# Task
Apart from the images, the entire listing below must be restated word for word.

# Material provided
══════
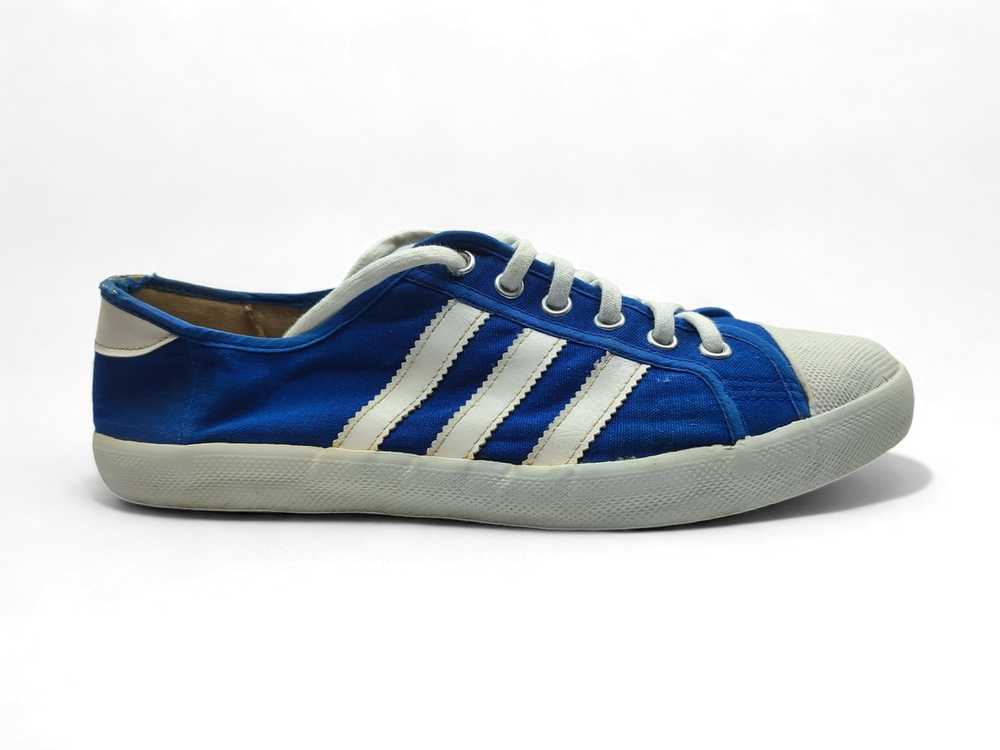 Adidas × Vintage Rare Vintage 1980s Adidas Adria … - image 2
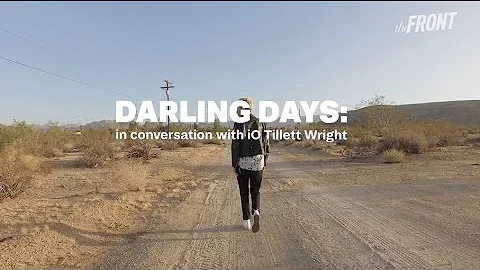 Darling Days: in conversation with author iO Tille...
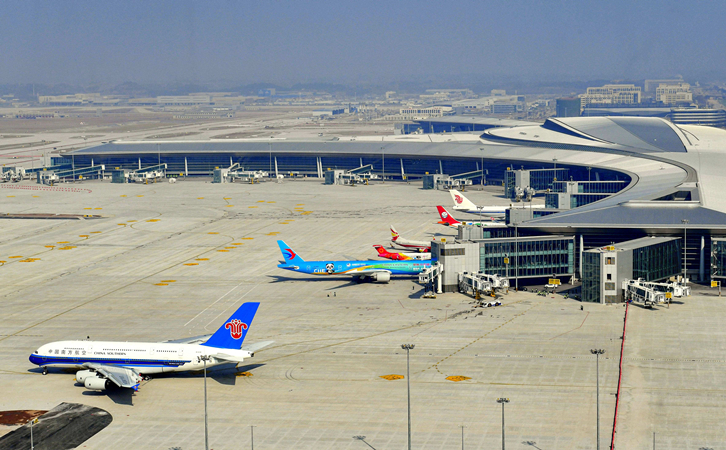 卫滨空运北京（首都、大兴）机场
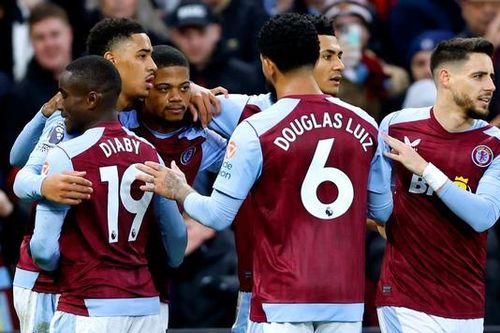 Thắng Burnley, Aston Villa áp sát ngôi đầu Ngoại hạng Anh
══════
# Exercise output
 Adidas × Vintage Rare Vintage 1980s Adidas Adria … - image 2
 Darling Days: in conversation with author iO Tille...
 卫滨空运北京（首都、大兴）机场
 Thắng Burnley, Aston Villa áp sát ngôi đầu Ngoại hạng Anh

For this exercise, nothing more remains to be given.